Friday news roundup: Camden renewal, suburban poverty, and elite colleges
If you're like me, you probably don't have a lot of spare time. So in an effort to make things easier for you, here's a roundup of some articles from the week that our State of Opportunity team found interesting. Happy reading!
How one poor inner city managed to turn things around
I've been thinking about this story from the New York Times all week. It's a story about hope and renewal. Just about everybody – politicians, police, residents – had written off Camden, N.J. In the summer of 2012, there were 21 murders in Camden, the highest homicide rate in the city's history. Fast forward two years, and the homicide rate this summer was six.
It has been 16 months since Camden took the unusual step of eliminating its police force and replacing it with a new one run by the county. Beleaguered by crime, budget cuts and bad morale, the old force had all but given up responding to some types of crimes.
The results are encouraging. Read the full article to see how Camden is fast becoming an example of how it's not impossible to turn things around.

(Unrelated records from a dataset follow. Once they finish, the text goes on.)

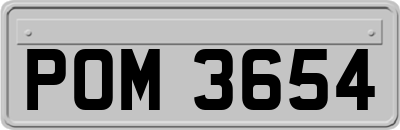 POM3654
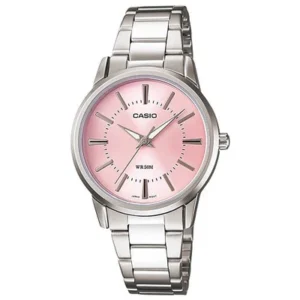CASIO LTP-1303D-4AVDF LADIES WATCH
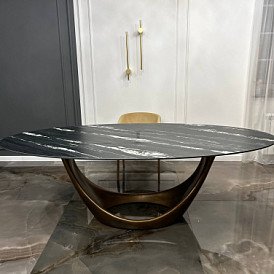 Стол Marseille + 4 стула Monica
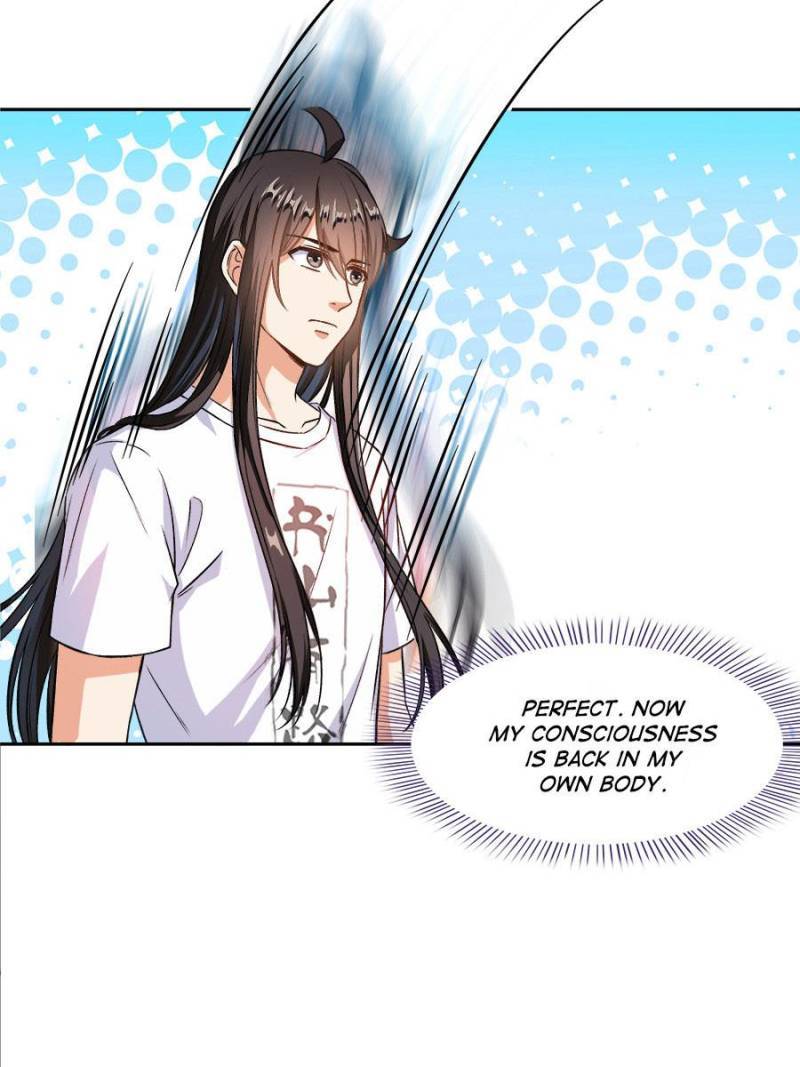 Cultivation Chat Group chapter 408 page 44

The pros and cons of living on-campus at college
I went to the University of Michigan, and for my first two years of college I lived in South Quad, a dorm on the university's main campus. Back then, the dorm was nothing to shout about: cinder block walls, musty carpet in the halls, terrible cafeteria food. When I saw these Ann Arbor News photos of the recently renovated South Quad, my jaw dropped; it looks more like a hotel than a dorm. Forget frozen yogurt machines, these students can now order fresh hand-rolled sushi for lunch. But this kind of opulence can be a little alienating for some low-income students, according to this article from The Atlantic.
In reality, dorm life, especially at selective schools, can be alienating for first-generation minority students struggling to relate to peers with private school diplomas and plenty of pocket money.

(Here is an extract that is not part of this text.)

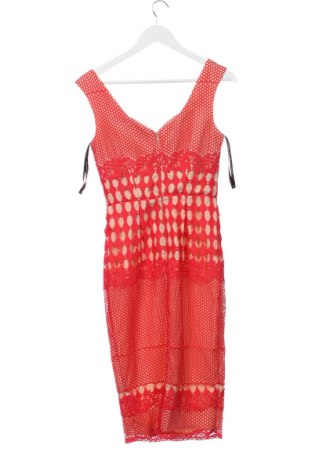 Sukienka Little Mistress, Rozmiar S, Kolor Czerwony, Cena 110,00 zł
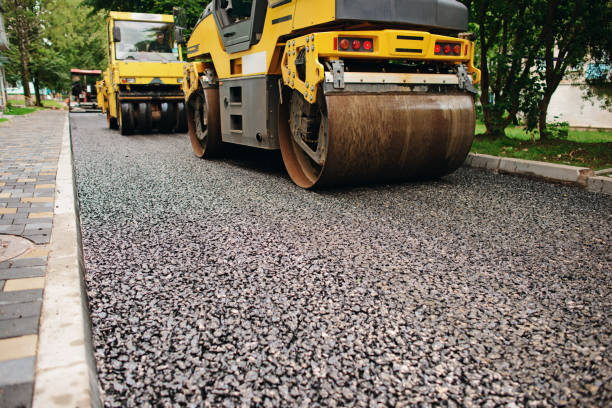 Driveway Repair Near Me in Milam, TX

Hat tip to my colleague Dustin Dwyer for sending that article my way.
Poverty is no longer just an inner city problem. It's everywhere.
When you think of the suburbs, you may picture cookie-cutter houses with perfectly cut green lawns. But new data shows that the suburbs are struggling. Last month, Dustin Dwyer took a look at the growing suburban poverty trend. His hometown of Grand Rapids, for example, ranks "eighth in the country for the rise in suburban poverty concentration since 2000." So we've got a suburban poverty problem, that's clear. This new Slate article tries to pinpoint how that problem came to be.